L’un des aspects les plus complexes et en même temps les plus fascinants du chant traditionnel en général, et des berceuses en particulier, est le fait que, dans la plupart des cas, ces chansons ont survécu grâce à la tradition orale, par l’expédient du bouche à oreille, un trait caractéristique des cultures à transmission orale.
La berceuse est fortement enracinée dans le contexte social rural et dans la famille patriarcale, où elle est utilisée presque uniquement par les femmes de tout âge. Les berceuses ne sont pas chantées seulement par les mamans, mais par toutes les femmes de la famille – grand-mères, sœurs aînées ou tantes - qui peuvent les remplacer dans ce rôle.
La berceuse reflète la culture à laquelle elle appartient et met en évidence des éléments de la mythologie, de l'histoire et des légendes, mais aussi divers problèmes de nature psychologique, qui touchent les adultes comme les enfants, ouvrant ainsi une porte sur la vie quotidienne et la société d’une époque donnée.
Des chants qui ne servent pas seulement à endormir !

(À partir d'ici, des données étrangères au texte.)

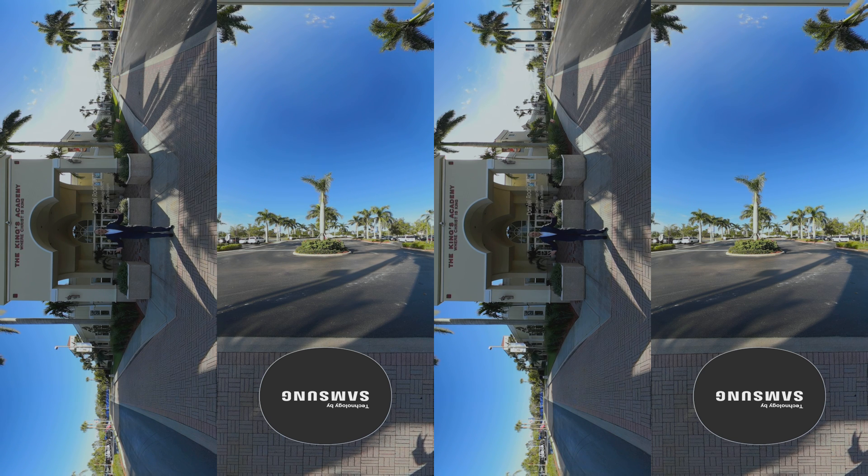Welcome to the King's Academy. My name is Daniel Rodriguez. I'm the Chief Technology Officer at United Data Technologies. Today we're going to take you on a magical tour of a school campus that has embraced digital signage. What you'll see today is a number of different facilities that are using purposely designed digital signage solutions to engage students, teachers, and parents.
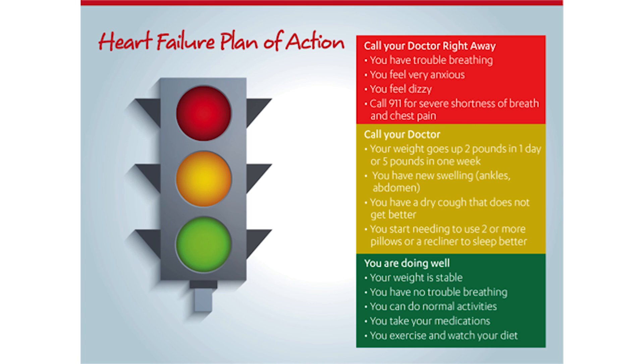You are doing well if your weight is stable, you are not having trouble breathing, you can do your normal activities, you take your medications, and you are exercising and watching your diet. This concludes our session on what is heart failure. Thanks for your attention.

La fonction principale d’une berceuse est d’endormir les enfants. En effet, la voix familière, aide les petits enfants à s’endormir en écoutant une douce mélodie tout comme le balancement rythmique du berceau. L’un des termes les plus utilisés et les plus répétés dans ces chansonnettes est coquetta (v. conquetta, coutchetta… selon les variantes attestées) : ce mot a une origine inconnue même si, à quelques différences près, on le trouve dans des textes similaires du domaine gallo-roman et gallo-italique, ainsi que l'autre mot, ponguetta, mot du langage enfantin (langage employé par les adultes lorsqu'ils s'adressent aux enfants). Les deux mots, tout en ayant pas une signification précise, confèrent au rythme et de la musicalité de la berceuse.
Berceuse pour endormir- Verrayes (recherche du Guichet Linguistique, 2009)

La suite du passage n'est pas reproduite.